Pablo Neruda

Calice di vino
Pablo Neruda (1904-1973), il poeta civile contro le ingiustizie sociali, il poeta impegnato in politica, il poeta dell’amore, il poeta tuttora tra i più amati e i più letti, nel 1954 pubblica il primo libro delle Odi elementari.

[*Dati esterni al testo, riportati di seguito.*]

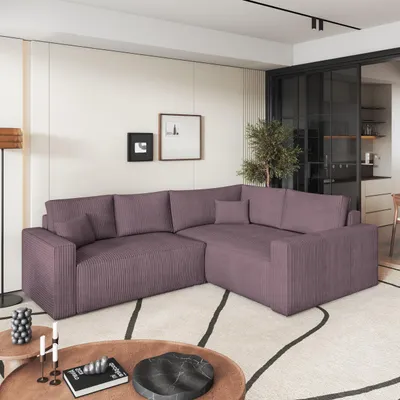 Produktbild von Masseno Ecksofa ERONIS R-S mit Schlaffunktion L-Form, Sofa mit Bettkasten, Wohnzimmersofa, Couch, Soffa, Bettsofa, Couchgarnitur- Lila, POSO 130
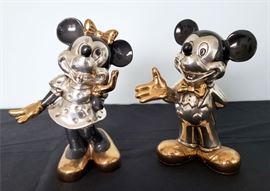 #29 - D'Argenta Mexico "Mickey Mouse" and "Minnie Mouse" gold/silver-plated figurines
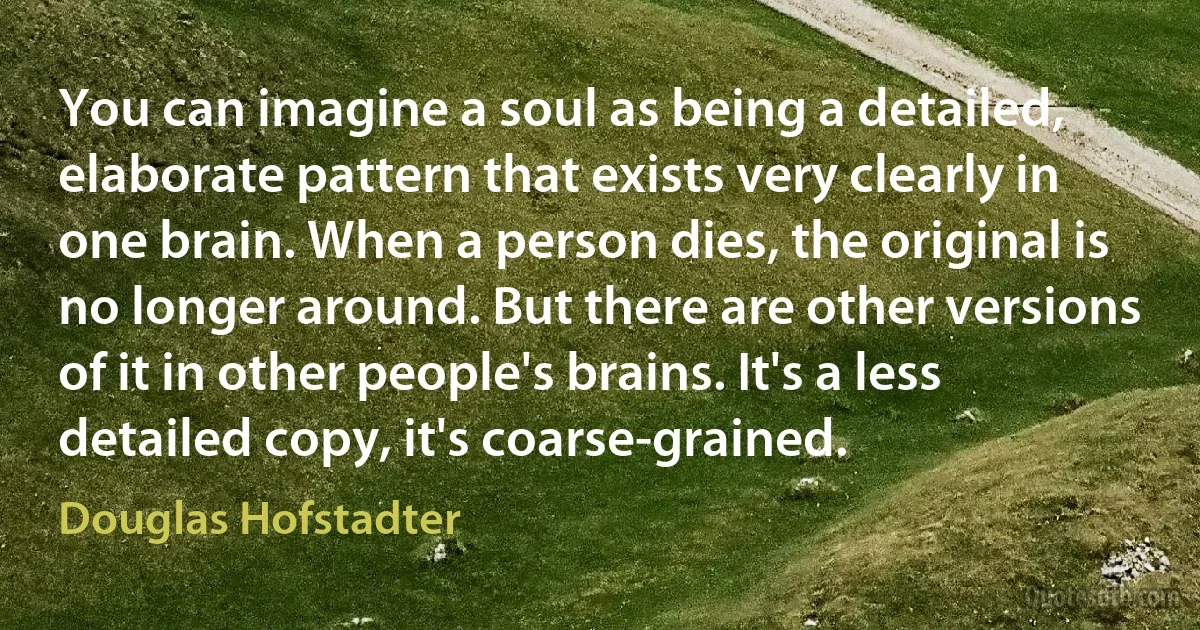 You can imagine a soul as being a detailed, elaborate pattern that exists very clearly in one brain. When a person dies, the original is no longer around. But there are other versions of it in other people's brains. It's a less detailed copy, it's coarse-grained. (Douglas Hofstadter)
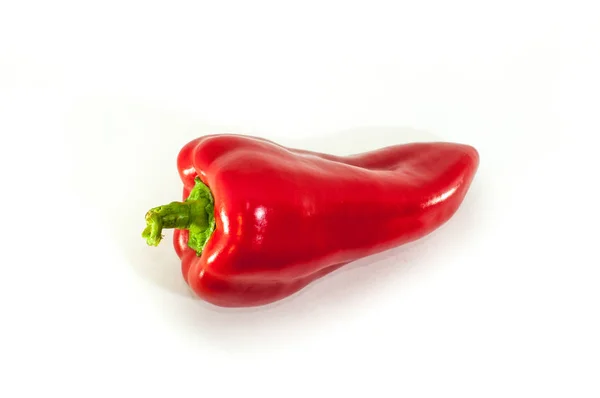 Έννοια Της Υγιεινής Διατροφής Φρέσκα Βιολογικά Κόκκινη Πιπεριά Isolaed Λευκό — Φωτογραφία Αρχείου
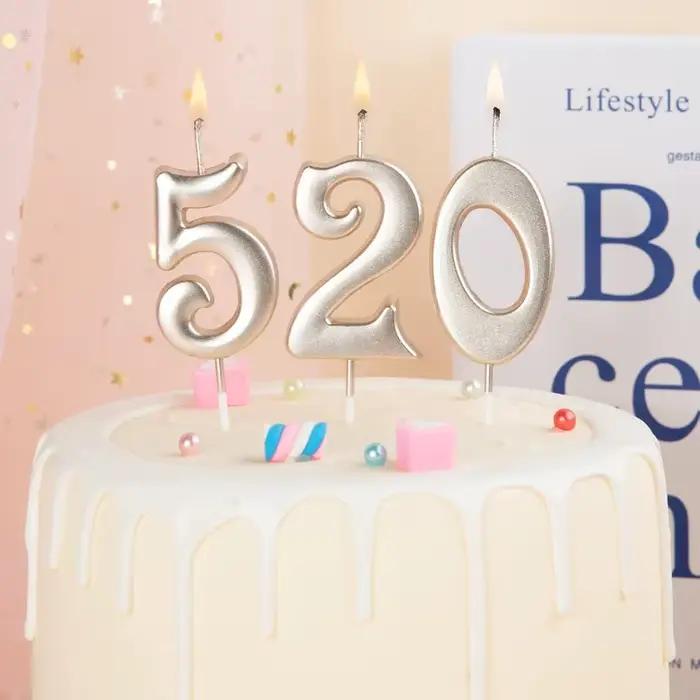 Bougies Chiffres Dorées Champagne pour Anniversaire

L’aggettivo allude alla semplicità dell’oggetto della poesia, che celebra la più diretta quotidianità, quella degli alimenti, i più semplici e popolari. Usando un linguaggio immediato, accanto alla patata, il pane, il pomodoro, la cipolla, l’olio, il carciofo e così via, Neruda dedica un’ode anche al vino. Il vino è il figlio della terra, è il frutto del lavoro paziente, è l’occasione della socialità, è il trionfo della vita, è il tramite dell’amore. E infatti la parte centrale dell’ode si concentra sui paragoni tra i corpo della donna ed elementi enoici per un’esaltazione dei sensi, per poi tornare a riprendere i temi della socialità del vino e del lavoro comune di uomo e natura per produrlo.

Vino color del giorno,

vino color della notte,

vino con piedi di porpora

o sangue di topazio,

vino,

stellato figlio

della terra,

vino, liscio

come una spada d’oro,

morbido

come un disordinato velluto,

vino inchiocciolato

e sospeso,

amoroso,

marino,

non sei mai presente in una sola coppa,

in un canto, in un uomo,

sei corale, gregario,

e, quanto meno, scambievole.

A volte

ti nutri di ricordi

mortali,

sulla tua onda

andiamo di tomba in tomba,

tagliapietre del sepolcro gelato,

e piangiamo

lacrime passeggere,

ma

il tuo bel

vestito di primavera

è diverso,

il cuore monta ai rami,

il vento muove il giorno,

nulla rimane

nella tua anima immobile.

Il vino

muove la primavera,

cresce come una pianta di allegria,

cadono muri,

rocce,

si chiudono gli abissi,

nasce il canto.

Oh, tu, caraffa di vino, nel deserto

con la bella che amo,

disse il vecchio poeta.

Che la brocca di vino

al bacio dell’amore aggiunga il suo bacio

Amor mio, d’improvviso

il tuo fianco

è la curva colma

della coppa

il tuo petto è il grappolo,

la luce dell’alcol la tua chioma,

le uve i tuoi capezzoli,

il tuo ombelico sigillo puro

impresso sul tuo ventre di anfora,

e il tuo amore la cascata

di vino inestinguibile,

la chiarità che cade sui miei sensi,

lo splendore terrestre della vita.

Ma non soltanto amore,

bacio bruciante

e cuore bruciato,

tu sei, vino di vita,

ma

amicizia degli esseri, trasparenza,

coro di disciplina,

abbondanza di fiori.

Amo sulla tavola,

quando si conversa,

la luce di una bottiglia

di intelligente vino.

Lo bevano;

ricordino in ogni

goccia d’oro

o coppa di topazio

o cucchiaio di porpora

che l’autunno lavorò

fino a riempire di vino le anfore,

e impari l’uomo oscuro,

nel cerimoniale del suo lavoro,

e ricordare la terra e i suoi doveri,

a diffondere il cantico del frutto.

Giovanni Casalegno

(P. NERUDA, Ode al vino e altre odi elementari, a cura di G. B. De Cesare, Firenze, Passigli, 2002)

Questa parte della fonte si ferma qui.